Data shown ->
*** Begin section ***

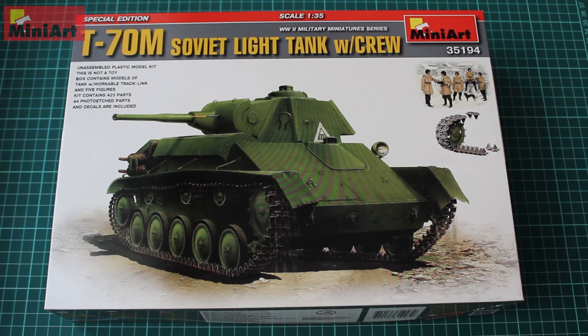Hey guys, Metko here from DN Models. Today we are reviewing a special edition T-70M Soviet light tank with crew from MiniArt. This is a reissue of their well-known issue of T-70, which was first released in 2006.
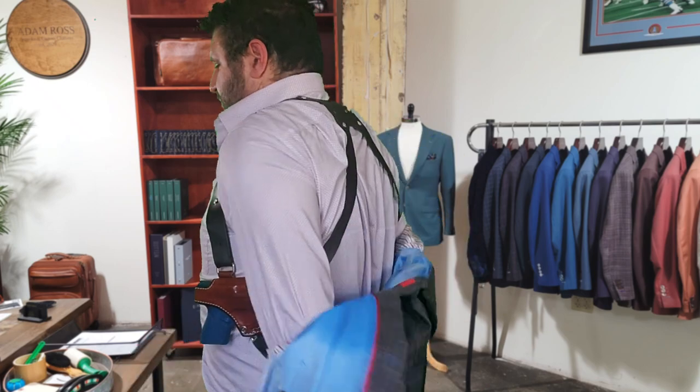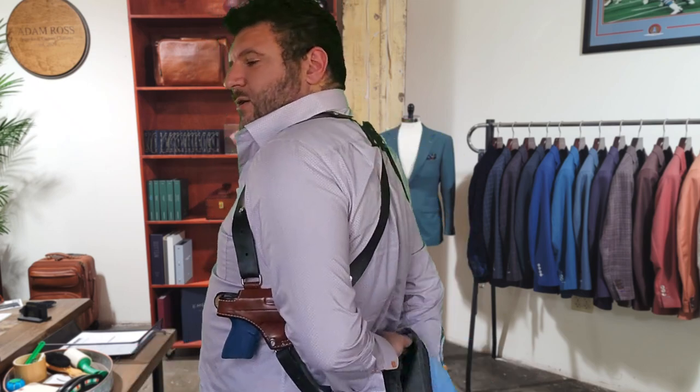For those of you who are unaware, last month up in Austin, Cecil Burch came into town and put on his seminar. I attended it, and for the second day of the course I ran it with a shoulder holster. I didn't run it with this particular shoulder holster, but a shoulder holster nonetheless. My experience with this Andrews Custom has been similar to the DeSantis that I ran through the class.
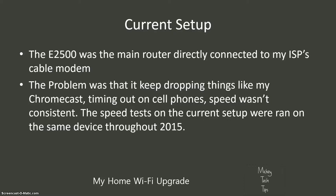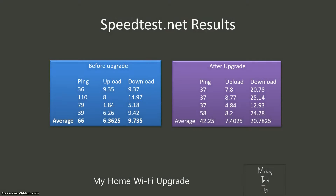The problem with the router was it was dropping devices like my Chromecast, timing out on my cell phone — which means it was trying to receive data from Facebook or similar and would just quit — and I wasn't the only one experiencing that problem. The speed was also not consistent. That can be seen in the speed tests I've been doing on my cell phone. The average ping — which is just server response time, a delay on the internet — was at 66 milliseconds. That's not a big deal, but as that number gets bigger and bigger, it takes longer to send data back and forth.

*** End section ***

Your task ->
Extract the full listing exactly, with the pictures left out.

Output for this task ->
Hey guys, Metko here from DN Models. Today we are reviewing a special edition T-70M Soviet light tank with crew from MiniArt. This is a reissue of their well-known issue of T-70, which was first released in 2006.
For those of you who are unaware, last month up in Austin, Cecil Burch came into town and put on his seminar. I attended it, and for the second day of the course I ran it with a shoulder holster. I didn't run it with this particular shoulder holster, but a shoulder holster nonetheless. My experience with this Andrews Custom has been similar to the DeSantis that I ran through the class.
The problem with the router was it was dropping devices like my Chromecast, timing out on my cell phone — which means it was trying to receive data from Facebook or similar and would just quit — and I wasn't the only one experiencing that problem. The speed was also not consistent. That can be seen in the speed tests I've been doing on my cell phone. The average ping — which is just server response time, a delay on the internet — was at 66 milliseconds. That's not a big deal, but as that number gets bigger and bigger, it takes longer to send data back and forth.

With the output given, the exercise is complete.